His teachers included Muḥammad Ishaq Sandelwi, Abul Hasan Ali Hasani Nadwi, Manzoor Nomani, Abdul Hafiz Balyawi, Rabey Hasani Nadwi, and Saeed-ur-Rahman Azmi Nadvi.

During his student days, in 1959, under the supervision of Rabey Hasani Nadwi, an Arabic fortnightly magazine, Al-Raid, was published by the students' Arabic club, An Nadi al Arabi of Darul Uloom Nadwatul Ulama, which was edited by him. But in October 1960, with issue 8/7 in its second year, his name appeared on the front page for the first time as editor-in-chief.

== Career ==
Shafiqur Rahman started his teaching career in April 1962 at Madrasa Islah al-Muslimeen Pathar Ki Masjid, Patna, after graduating from Nadwa. After two years, on the suggestion of Abul Irfan Khan Nadwi, the working principal of Darul Uloom Nadwatul Ulama, he was appointed as a teacher at Darul Uloom Nadwatul Ulama in February 1964. He returned to his homeland after serving one year as a teacher and spent seven to eight years as a trader and journalist. In 1972, he became rector of Rifahul Muslimeen in Rampur Kesaria, East Champaran, Bihar. In 1974, on the advice of his teacher Rabey Hasani Nadwi, he was returned to Darul Uloom Nadwatul Ulama and served there as a teacher until his death.

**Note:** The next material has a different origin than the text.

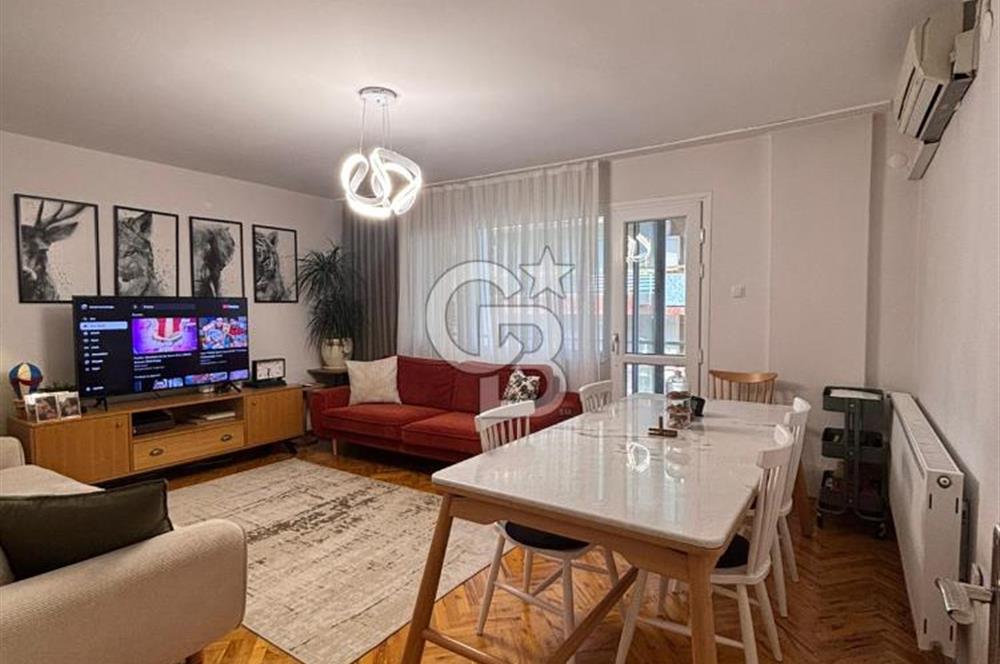 Karşıyaka Girneye Yakın Dedebaşı Mahallesinde Tadilatlı Satılık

He also served as the office-in-charge of 150 affiliated madrasas of Darul Uloom Nadwatul Ulama; all activities in this regard were carried out based on his report and recommendations, and he also visited these affiliated madrasas.

On Abul Hasan Ali Hasani Nadwi's order, he wrote the book Al-Fiqh Al-Muyassar, which is a curriculum featured in universities throughout the country and overseas, including Darul Uloom Nadwatul Ulama and all of its branches. Apart from that, his articles have been published both in India and overseas.

His son Tariq Shafiq Nadwi, President of Urdu Department, Islamia College, Gorakhpur, has written an analytical commentary on his five-year activities in the monthly Zikr o Fikr, New Delhi, titled Matā'-e-Zikr-o-Fikr.

He was also among those scholars who considered it right to establish a TV station with the sole purpose of defending Islam and Islamic teachings and propagating the message of Islam.

== Death ==
Shafiqur Rahman died on 24 June 2002 (Rabi' al-Thani 12, 1423 AH) at dawn due to cardiac arrest. The funeral prayer was led by Saeed-ur-Rahman Azmi Nadvi in the premises of Darul Uloom Nadwatul Ulama, Lucknow and he was buried in the Daliganj graveyard. His wife and five children survived him, along with two sons, Tariq Shafiq Nadwi and Khalid Shafiq Nadwi.